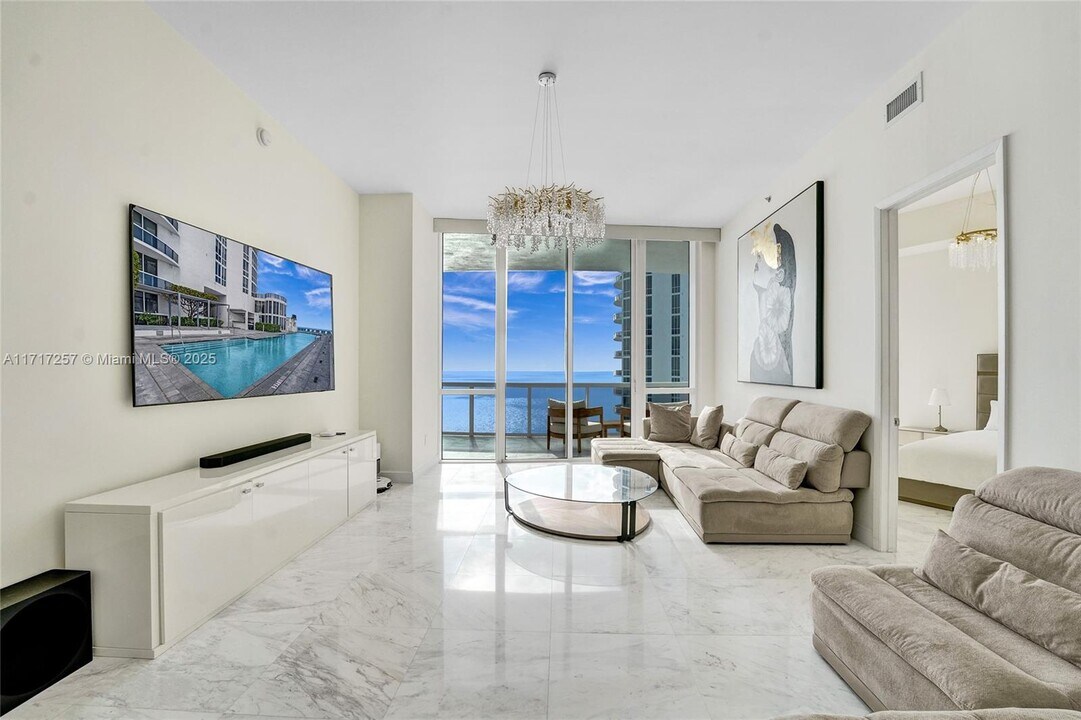 16001 Collins Ave, Unit 3507 in Sunny Isles Beach, FL - Foto de edificio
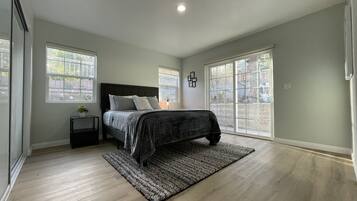 4 quartos, escrivaninha, ferros/tábuas de passar roupa, berço de viagem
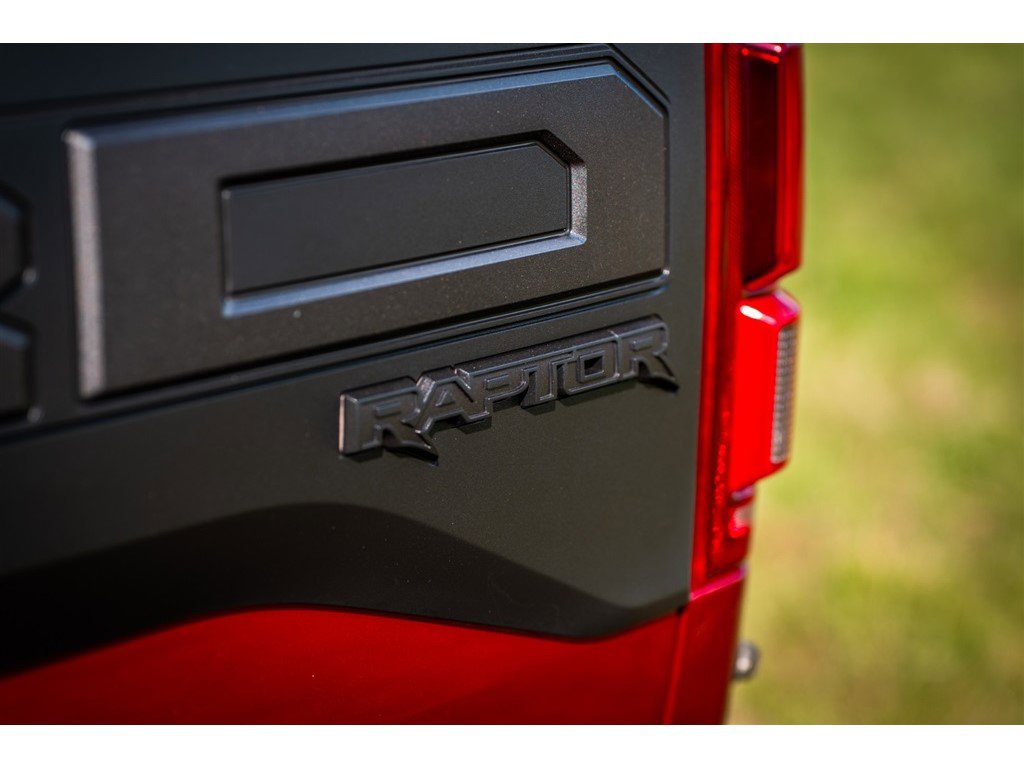Used 2019 Ford F150 Raptor w/ Equipment Group 802A Luxury image 12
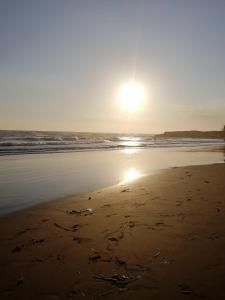 カヴァ・ダリーガにあるCava's Homeの海上日の昇る海岸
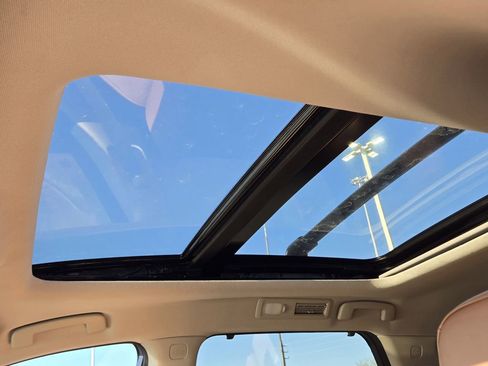 Used 2023 Nissan Pathfinder Platinum w/ Cargo Package image 12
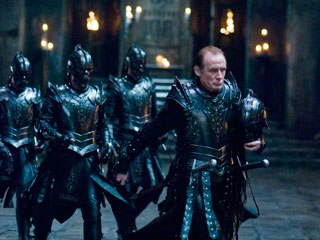 Viktor (Bill Nighy), the vampire king, leads his armies against the Lycans.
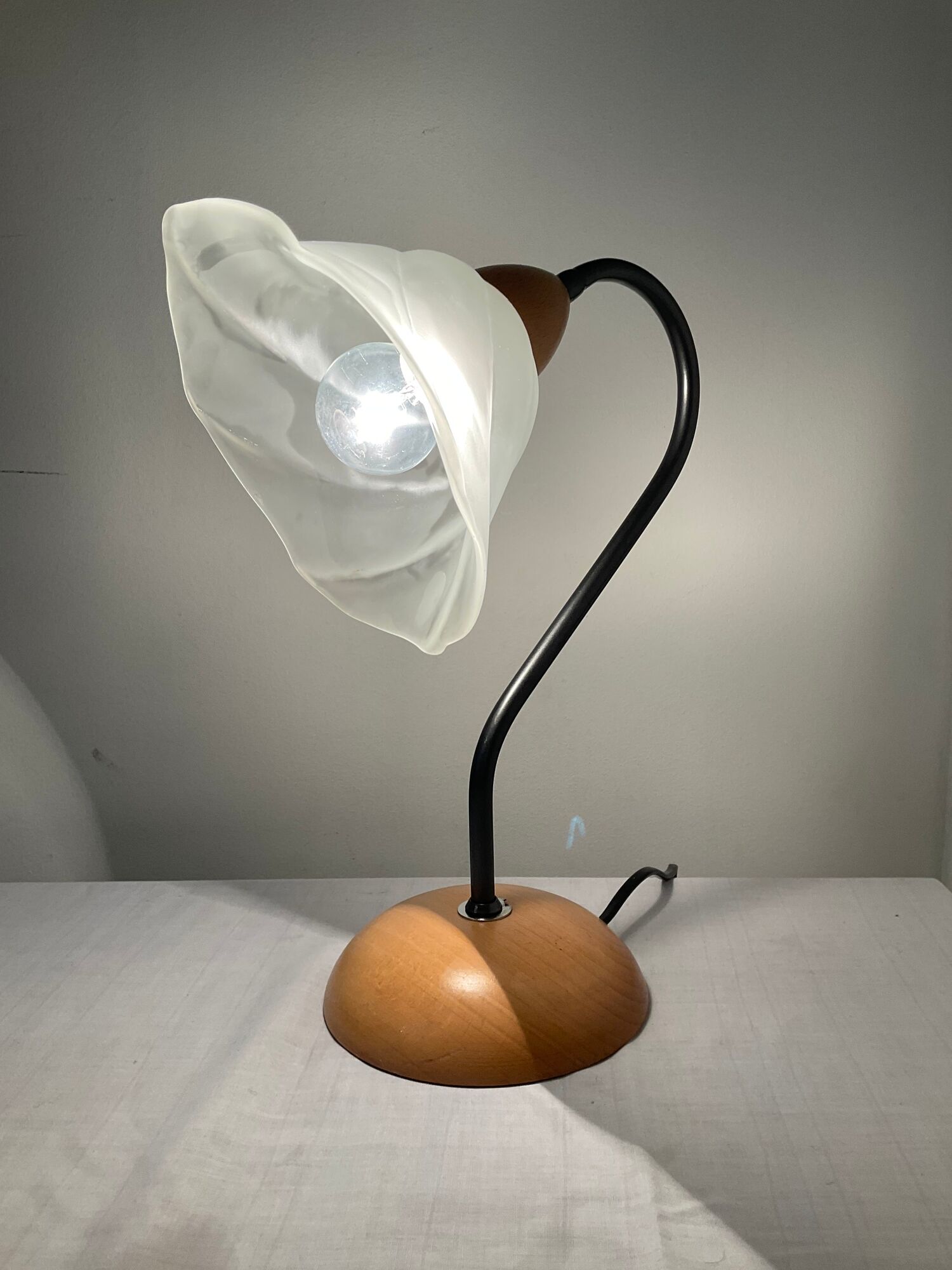 Vintage lamp from the 80s in wood and metal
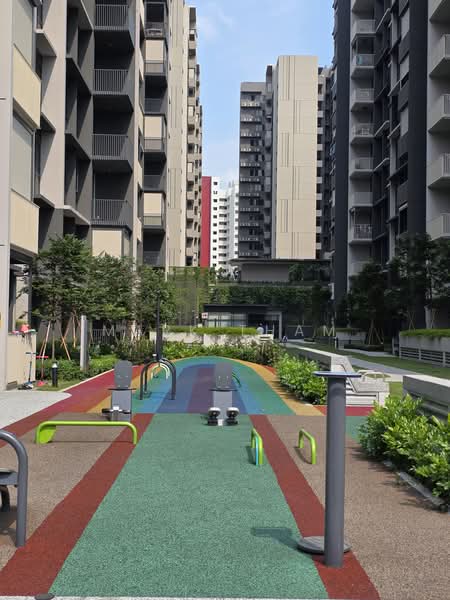 Lumina Grand, Bukit Batok West Ave. 5, 3 Bedrooms, 936 sqft, Condominium For Rent, by Mark Tham, 500242893 - Exterior - PropertyGuru.com.sg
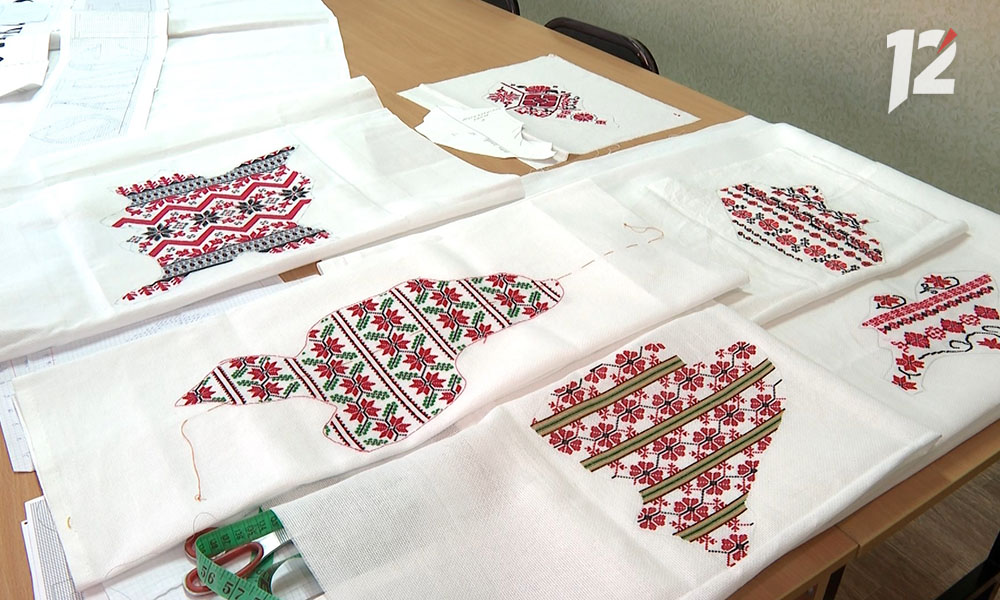 Вышитую карту Омской области представили на фестивале в Чебоксарах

******************************

> [DIRECTIONS FOR THIS TASK]:
The required output is an exact copy of the lines from the one with "Viktor (Bill Nighy), the" through the final line of the data above, with pictures removed.

> [REPLY]:
 Viktor (Bill Nighy), the vampire king, leads his armies against the Lycans.
 Vintage lamp from the 80s in wood and metal
 Lumina Grand, Bukit Batok West Ave. 5, 3 Bedrooms, 936 sqft, Condominium For Rent, by Mark Tham, 500242893 - Exterior - PropertyGuru.com.sg
 Вышитую карту Омской области представили на фестивале в Чебоксарах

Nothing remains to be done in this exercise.